Data section =
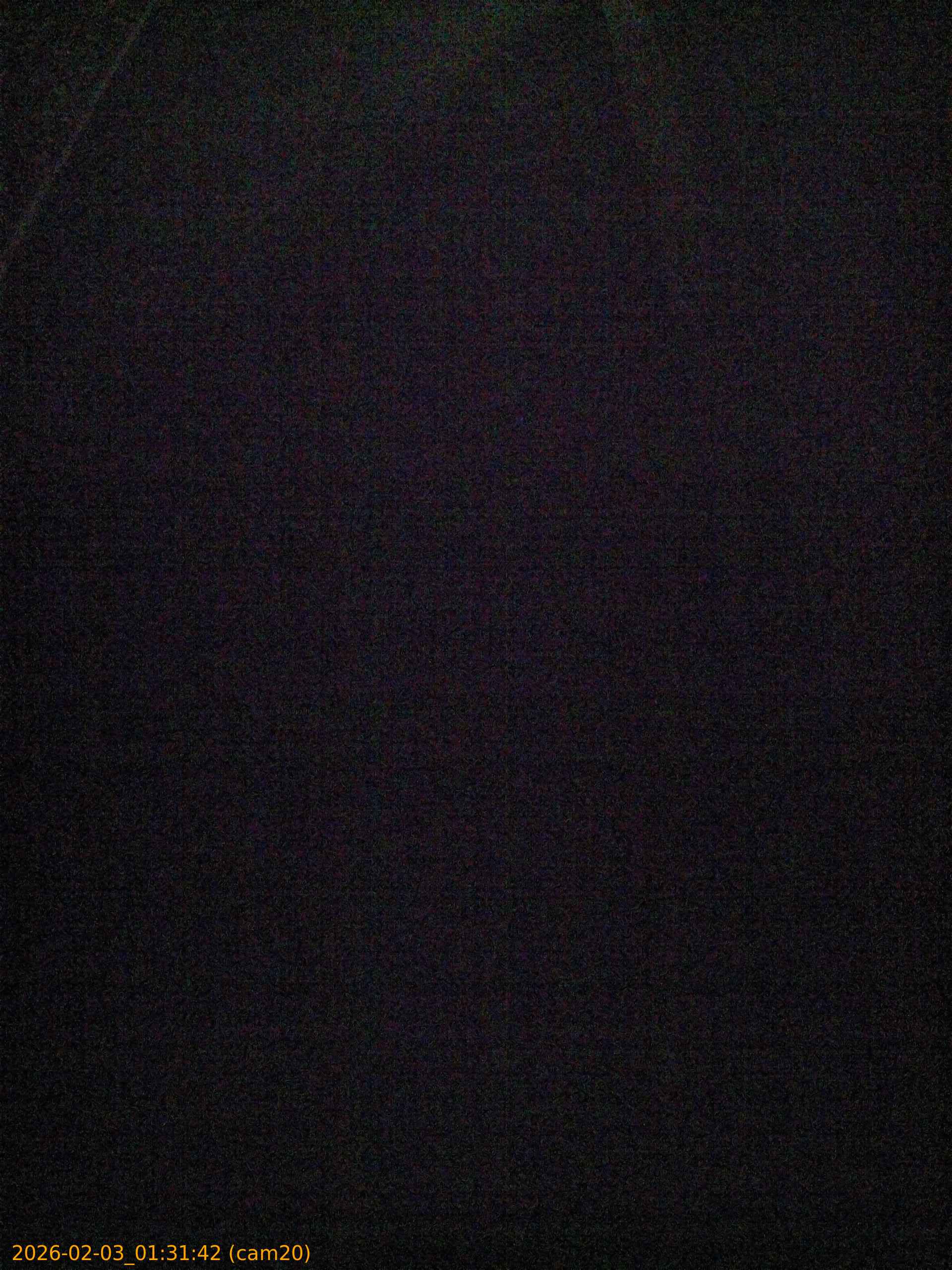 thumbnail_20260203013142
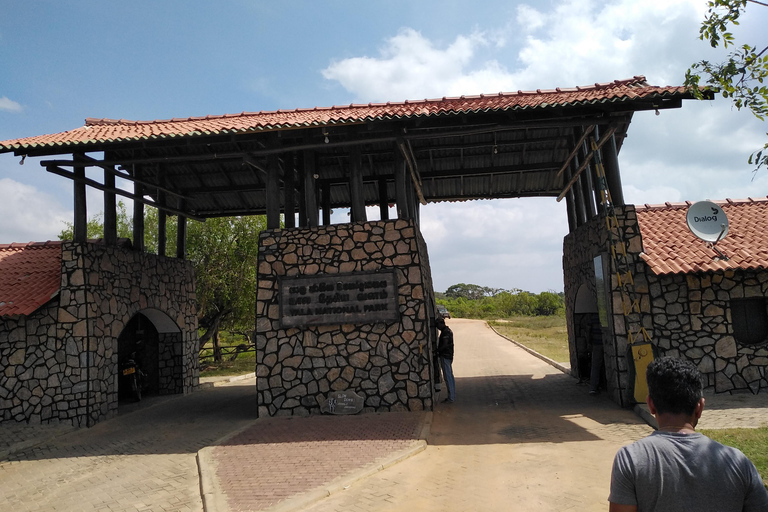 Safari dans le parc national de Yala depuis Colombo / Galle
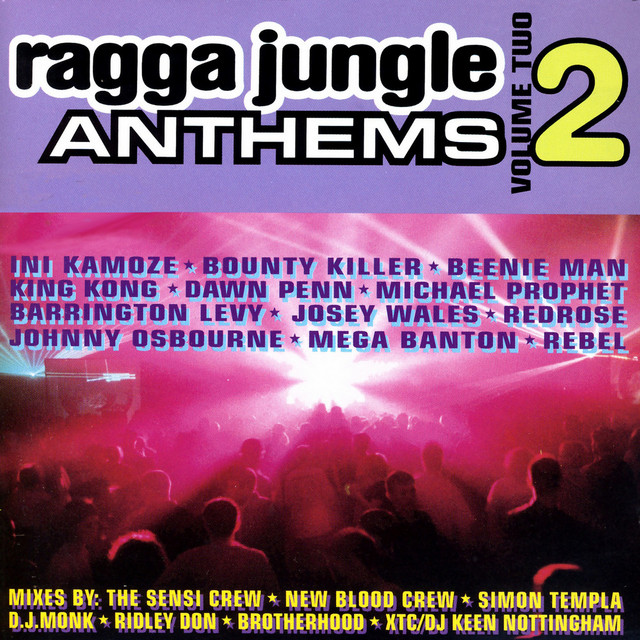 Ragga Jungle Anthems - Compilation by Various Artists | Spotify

Exercise details = Repeat all of the listing above word for word, and exclude the pictures.

Solved problem =
 thumbnail_20260203013142
 Safari dans le parc national de Yala depuis Colombo / Galle
 Ragga Jungle Anthems - Compilation by Various Artists | Spotify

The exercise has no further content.